In a subfolder called test, create a Snakefile with example invocations of the wrapper. These examples should comprehensively showcase the available functionality of the wrapper, as they serve as both the copy-pasteable examples rendered in the documentation, and the test cases run in the continuous integration testing (make sure to include calls to the rules in test.py, see test.py tests file). If these rules need any input data, you can also include minimal (small) testing data in the test/ folder (also check existing wrappers for suitable data).

When writing the Snakefile, please ensure that:

  • rule names in the examples are in snake_case and descriptive (they should explain what the rule is does, or match the tool’s purpose or name; for example map_reads for a step that maps reads)

  • it is formatted correctly by running snakefmt (snakefmt Snakefile)

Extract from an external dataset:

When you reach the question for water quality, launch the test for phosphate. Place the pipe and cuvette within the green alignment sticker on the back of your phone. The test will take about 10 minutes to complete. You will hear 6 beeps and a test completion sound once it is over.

  • it also passes linting, see Linting

  • all example rules in your test/Snakefile have an invocation as a test case in test.py, see test.py tests file

  • wherever you can do this with a short comment, explain possible settings for all keywords like input:, output:, params:, threads:, etc. (provide longer explanations in the meta.yaml file file)

  • provide a sensible default for threads:, if more than one thread can be used by the wrapper

test.py tests file

Every example rule listed in a test/Snakefile file, should be included as a test case in test.py. The easiest way is usually to duplicate an existing test and adapt it to your newly added example rule.

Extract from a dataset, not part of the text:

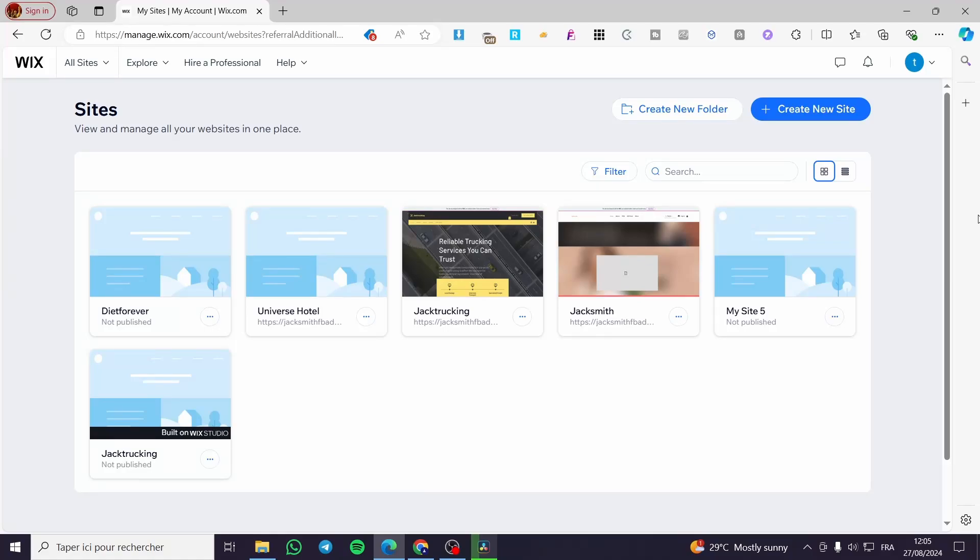How to add Google Ads Conversion Tracking to Wix website. Hello guys and welcome to this new tutorial.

When done editing, make sure that test.py Formatting still follows |black|_ standards.

Example

@skip_if_not_modified
def test_bcftools_sort():
    run(
        "bio/bcftools/sort",
        ["snakemake", "--cores", "1", "--use-conda", "-F", "a.sorted.bcf"],
    )

Formatting

Please ensure Python files such as test.py and wrapper.py are formatted with |black|_. Additionally, please format your test Snakefile with snakefmt.

Linting

Please lint your test Snakefile with:

snakemake -s <path/to/wrapper/test/Snakefile> --lint

Testing locally

If you want to debug your contribution locally before creating a pull request, ensure you have the conda/mamba environment for development installed and activated.

Afterwards, from the main directory of the repo, you can run the test(s) for your contribution by specifying an expression that matches the name(s) of your test(s) via the -k option of pytest:

pytest test.py -v -k your_test

If you also want to test the docs generation locally, create another environment and activate it:

mamba create -n test-snakemake-wrapper-docs -c conda-forge sphinx sphinx_rtd_theme pyyaml sphinx-copybutton sphinxawesome_theme myst-parser
mamba activate test-snakemake-wrapper-docs

Then, enter the respective directory and build the docs:

cd docs
make html

If it runs through, you can open the main page at docs/_build/html/index.html in a web browser. If you want to start fresh, you can clean up the build with make clean.